Tuesday, July 18, 2006

What Price Ambition?

India's response to repeated terror attacks has been sickeningly predictable.

Official outrage and vows of vengeance are followed by a quick moving on. The most that we appear capable of is a temporary drama-queen delay of our so-called "peace" process with Pakistan.

This is largely because India has global aspirations which compel it to act "responsibly", no matter the cost to our people.

The paradox of this posture is that we end up pleading with the world to recognize our new-found "power" even as terrorists castrate what little remains of our tattered mojo.

This is, therefore, not about whether India should or not talk to Pakistan (it doesn't really matter, does it?) -- rather, this is about India's structural misunderstanding of the nature of power in our world.

Whereas great powers use muscle to assert their influence, India seems to be intent on acquiring its geo-political weight through permission and charity of others.

As long as this remains the view of our political elite -- across the ideological spectrum, it needs to be emphasized -- Indians will continue dying while our elite express unfelt regret then continue chasing their mirage of faux-power.

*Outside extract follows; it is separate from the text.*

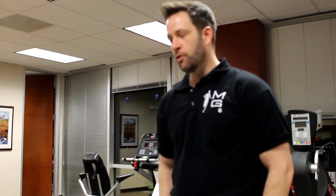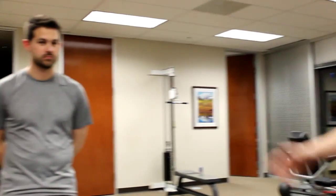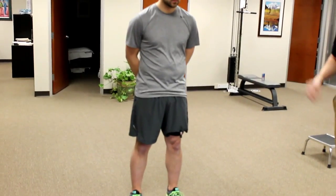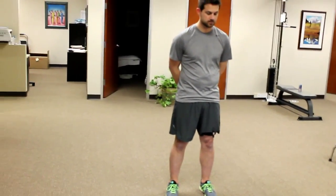Hi, this is Eric Dinkins, physical therapist with Motion Guidance. I wanted to take you through an assessment and treatment tool for knee quality of motion using the Motion Guidance device. Chris here has the Motion Guidance device applied to his knee on the left side, about an inch above the patella. We've turned on the laser and we're going to watch him squat.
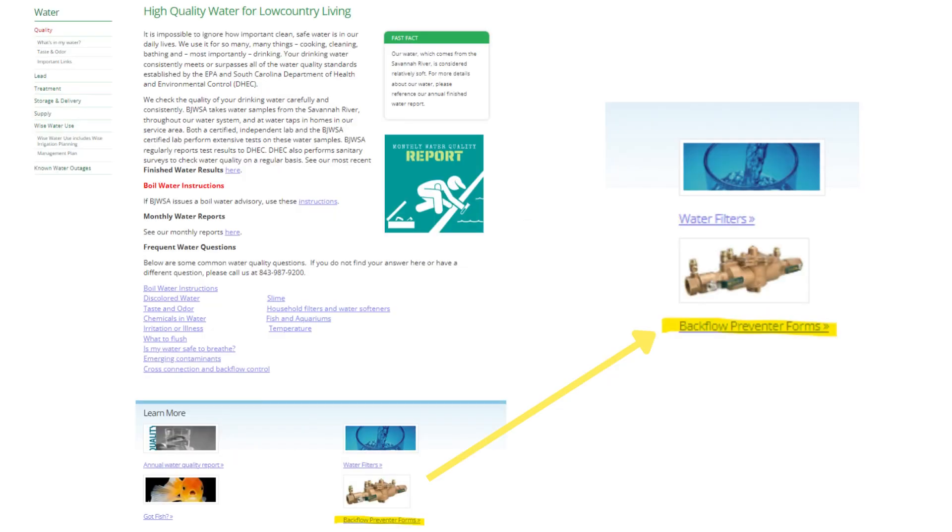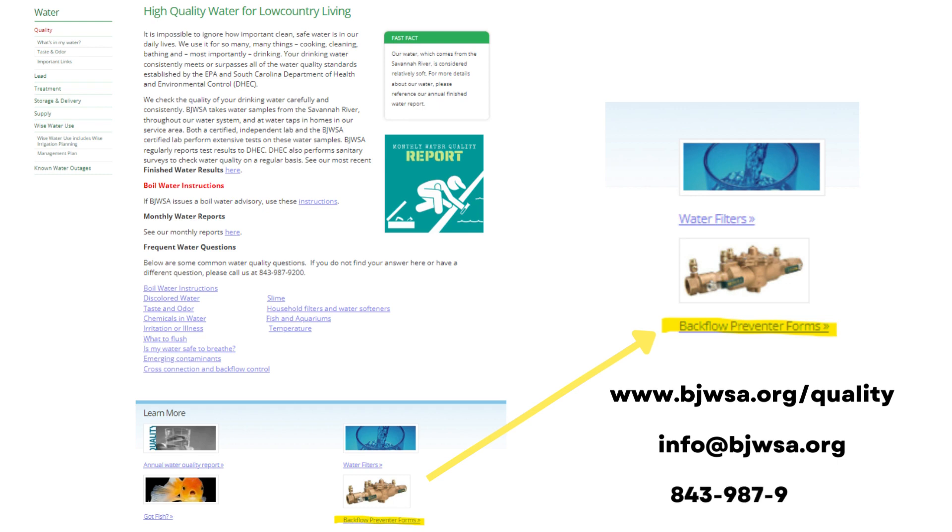You can find more information on backflow prevention by visiting bjwsa.org/quality. You can also contact us at info@bjwsa.org or call customer service at 843-987-9200.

To this retired blogger, it's clear that sensible Indians will now quit celebrating meaningless adulations in the world media, quit talking about great power status, quit our obscene and unearned swagger, and quit talking big while carrying a really small stick.

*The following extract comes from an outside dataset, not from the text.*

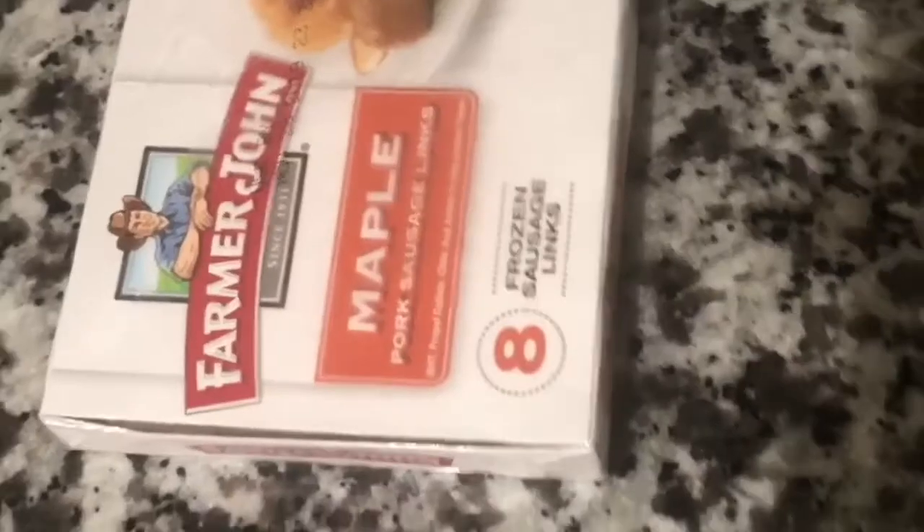Hey guys, this is my Vlogmas 'what I eat in a day' video. Going to start up with breakfast. It's like 8:30 in the morning, I got super hungry, so we're gonna make some maple sausages, scrambled eggs, and some toast.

Instead, we need to get back to hard work, back to our democratic revolution for throwing overboard this pussilanimous elite-- we need to get back to reversing, in Gore Vidal's words, the overturning of our real history by their made-up myths.

This is what we owe the dead of Mumbai and Delhi and Akshardham and Ayodhya and Kaluchak and Kargil and Kashmir as also Godhara followed by its viciously evil whirlwind.

Let's begin by acknowledging how extremely weak our state is presently and how unbelievably far we have yet to go. There is surely no shame in beginning with the truth about ourselves.

As Faiz wrote, Aaiye haath uthaein hum bhi.

Tuesday, July 04, 2006

Lonely in Louvre

Odd post this.

This lapsed blogger finally found himself in Paris this past weekend where he stole precious time for Louvre and Versailles between heavy swatches of work.

At Louvre, three icons were on the wish list.

Of course, the Mona Lisa -- much too small and locked up with too many people all around her.

Then, the magnificent Venus de Milo. Just like one had imagined having seen a cheap replica way back in the innocence of childhood.

But most important, the law codes of Hammurabi. Few people around, fewer still understanding its colossal significance. There it stands, lonely in Louvre, like a rock.

Have concluded the ancient is far more interesting than the medieval. This is a change of heart -- had not felt the same awe of the distant forbearers while in Egypt many years ago. This rethink must be, what Eliot called, one of the gifts reserved for age.

Mona Lisa and Taj Mahal feel ridiculously pretentious now -- come look at me, how clever I am, how gifted, how very metrosexual! In contrast, those who chiseled out the law codes in Akkad or moved the Earth to shape the Great Pyramids and the Great Wall, or those who invented Zero were surely the real men among men.

Then, Versailles -- where Marie Antoinette lived at the end of one metrosexual age and the beginning of another. Impressive in a profoundly gaudy sense -- no wonder the nouveau riche are drawn to it as a venue for their children's weddings!

The best part of being in Paris was watching the local Portuguese celebrate their team's world cup victory over England. Seemed like the entire nation of Portugal had congregated at the Arc de Triomphe. Then France won -- Champs Elysees overflowed with emotion and libation. Fascinating stuff.

Odd post this. From a lapsed blogger and political junkie. Now, returning to hibernation.